On September 6, 2024, pursuant to the Omnibus Incentive Plan, Dril-Quip awarded certain employees with key roles related to a prior acquisition Dril-Quip RSUs, which is an award of common stock subject to time vesting. These Dril-Quip RSUs are restricted as to transference, sale, and other disposition, and vest ratably over a two-year period.

As per the grant agreement, all 135,588 RSAs and Performance Units granted in 2021 become fully vested upon a Change of Control event, and the Merger qualified as a Change of Control event. As such, these shares became fully vested as of the date of the Merger.

The remaining RSAs, Performance Units and Dril-Quip RSUs granted in 2022, 2023 and 2024 remained outstanding and to the extent earned, will be settled in shares of Company Common Stock, subject to appropriate adjustments to the number of shares related to each award. As of September 6, 2024, 493,048 shares of Company Common Stock subject to RSAs were outstanding under the Omnibus Incentive Plan; $4.9 million of their fair value is attributable to post-Merger services and will be recognized as equity-based compensation expense in the post-combination period to the extent earned. As of September 6, 2024, 303,827 shares of Company Common Stock subject to Performance Units were outstanding under the Omnibus Incentive Plan; $2.4 million of their fair value is attributable to post-Merger services and will be recognized as equity-based compensation expense in the post-combination period to the extent earned. As of September 6, 2024, 103,014 shares of Company Common Stock subject to Dril-Quip RSUs were assumed under the Omnibus Incentive Plan; $1.6 million of their fair value is attributable to post-Merger services and will be recognized as equity-based compensation expense in the post-combination period to the extent earned.

Director Stock Compensation Awards

Under the DSA program, the directors of Dril-Quip were allowed to elect to receive all or a portion of their fees in the form of director restricted stock awards (DSAs) in an amount equal to 125% of the fees in lieu of cash. The awards are made quarterly on the first business day after the end of each calendar quarter and vest on January 1 of the second year after the grant date.
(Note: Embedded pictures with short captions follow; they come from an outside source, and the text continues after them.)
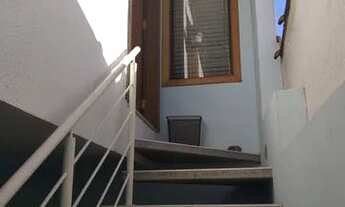 Imagem 7: Sobrado com 3 dormitórios à venda, 265 m² por R$ 750.000 - Vila Júpiter - São Bernardo do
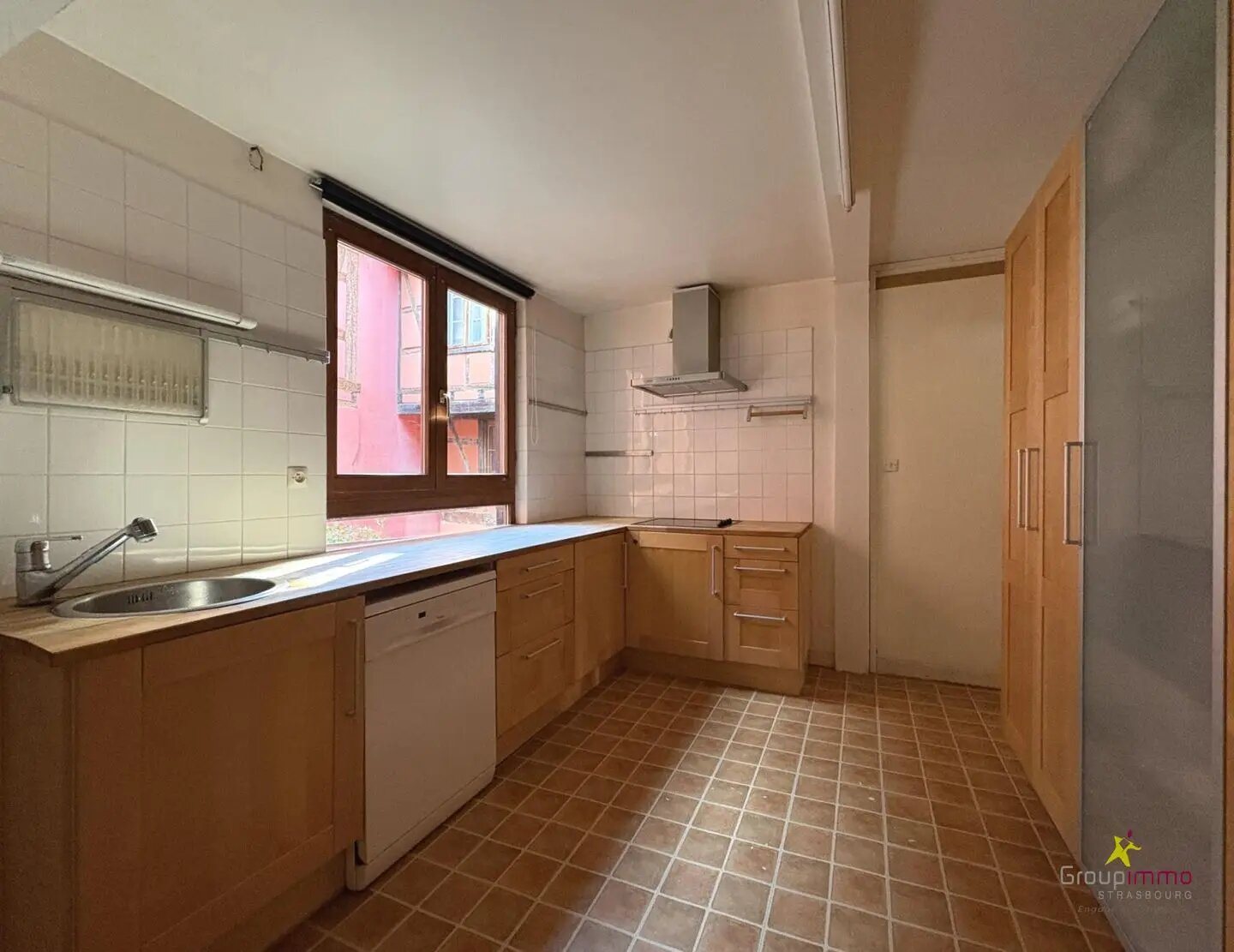 Appartement à vendre, 58m², Strasbourg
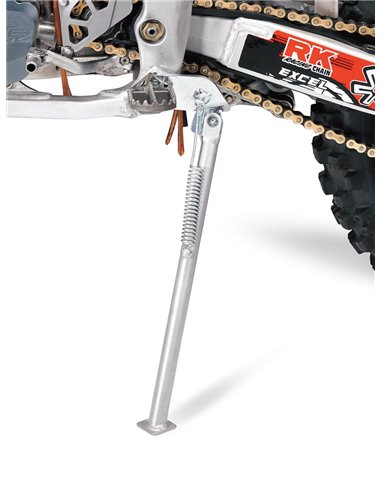 Suporte lateral - suporte parafuso em Yz450F Moose Racing HP 046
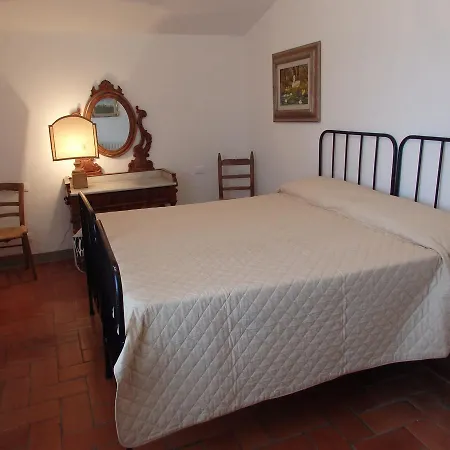 La Chiocciola Capannole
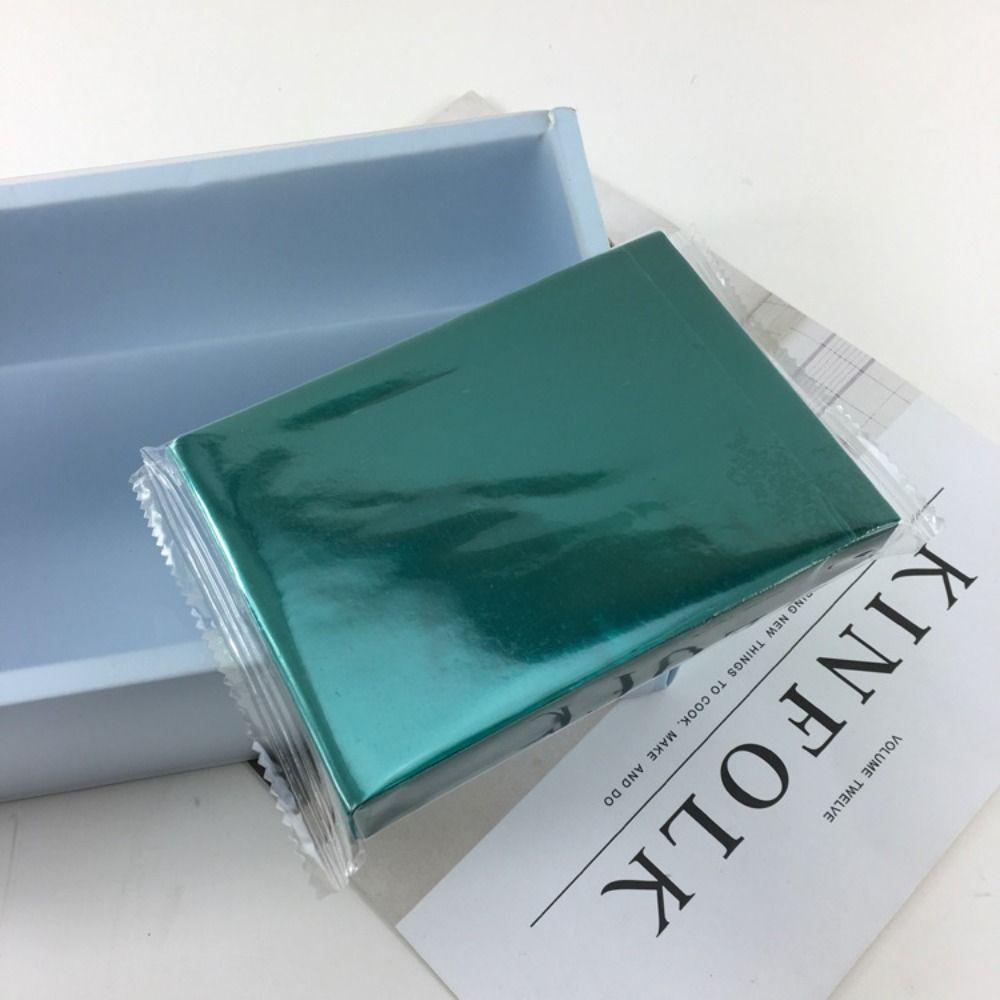 500 шт. Универсальная прозрачная целлофановая упаковка для леденцов на палочке, печенья, конфет, нуги, ручной работы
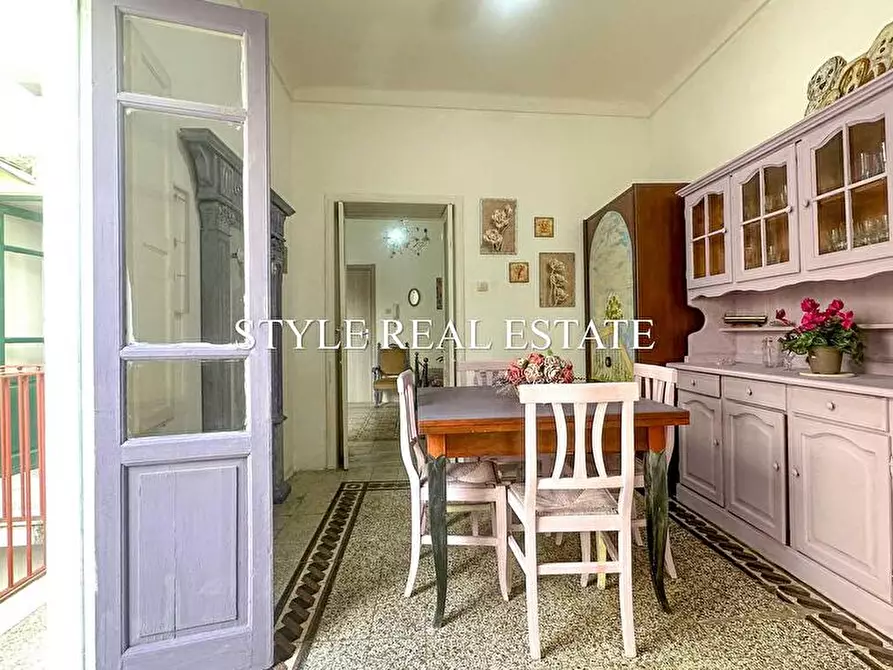 Immagine 1 di Appartamento in vendita  in Via Isonzo 98 a Siracusa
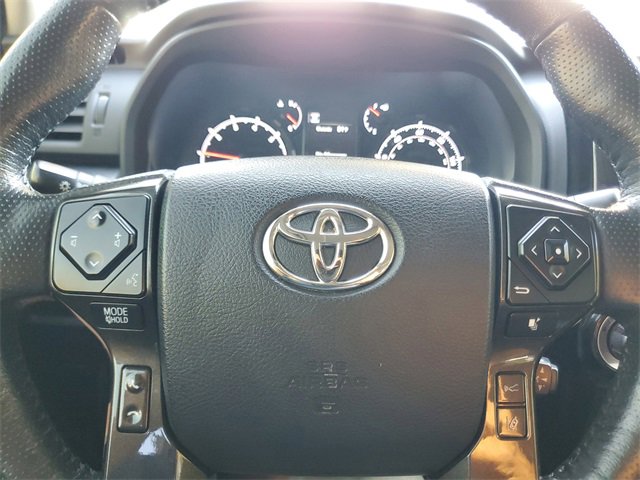 Used 2023 Toyota 4Runner 40th Anniversary SE image 20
As per the grant agreement, all 75,537 DSAs become fully vested upon a Change of Control event, and the Merger qualified as a Change of Control event. As such, these shares became fully vested as of the date of the Merger.

Stock Options

Legacy Innovex previously granted stock options which generally vest in equal increments over four years and have a ten-year term. Pursuant to the Merger Agreement, each stock option became fully vested and settled immediately prior to the effective time of the Merger. Due to the accelerated vesting, the Company recognized all remaining unamortized compensation expense of $0.6 million upon close of the Merger.
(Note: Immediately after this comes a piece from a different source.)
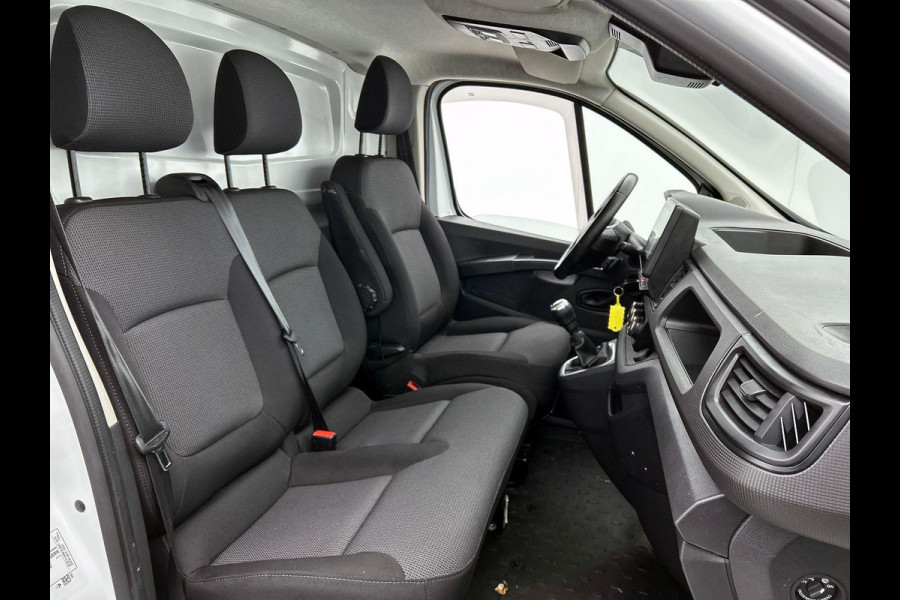 Renault Trafic 2.0 Blue dCi 150PK T30 L2H1 Advance Airco Bluetooth Camera Cruise PDC Trekhaak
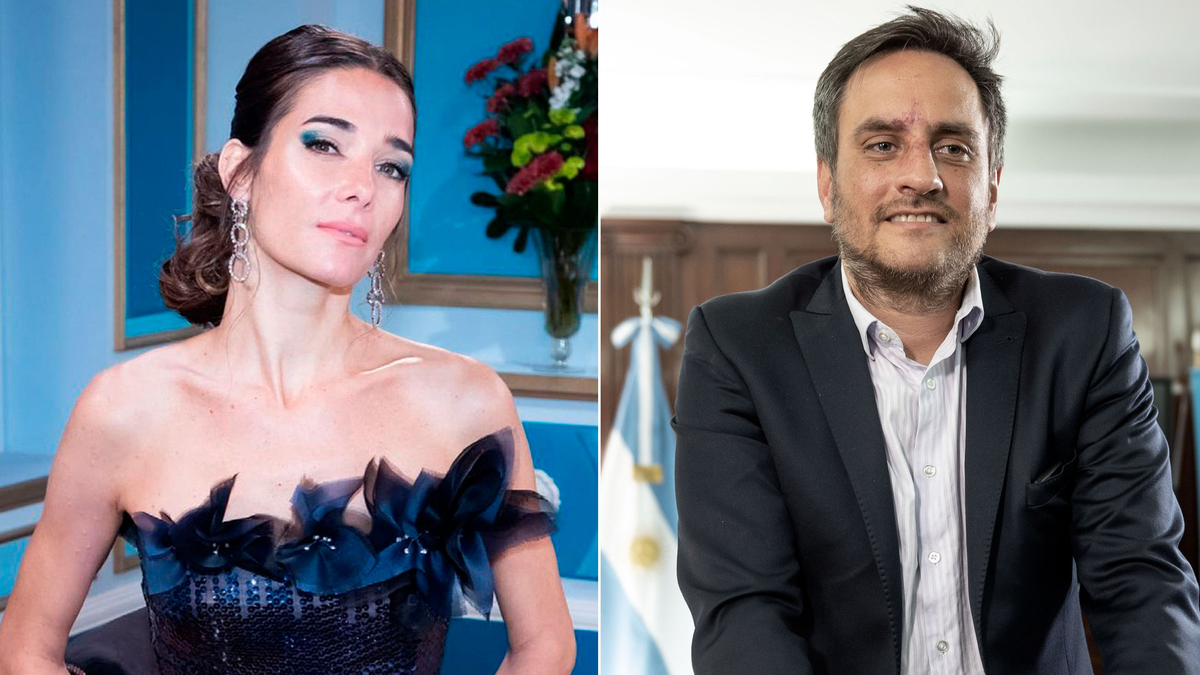 Juana Viale estalló otra vez contra Juan Cabandié y le hizo un firme reclamo: ¡Hacé en vez de hablar!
Restricted Stock Units (RSUs)

Legacy Innovex previously granted RSUs subject to vesting and forfeiture conditions during applicable restriction periods. During the three and nine months ended September 30, 2024, after adjustment for the Exchange Ratio, we granted 617,275 of equity-classified RSUs, respectively. During the three and nine months ended September 30, 2023, after adjustment for the Exchange Ratio, we granted 0 and 309,133 equity-classified RSUs, respectively. The RSUs granted in 2024 will vest on two different vesting schedules. Immediately upon close of the Merger, 224,521 RSUs vested; as a result, the Company recorded $3.9 million of compensation expense related to these RSUs on the Closing Date. The remaining 388,407 RSUs granted in 2024, net of forfeitures, will vest over 2 years beginning from the date of the merger. RSUs granted in 2023 vest ratably over a three or four year period. The

Company recognizes share-based compensation expense on a straight-line basis over the requisite service period for awards expected to ultimately vest.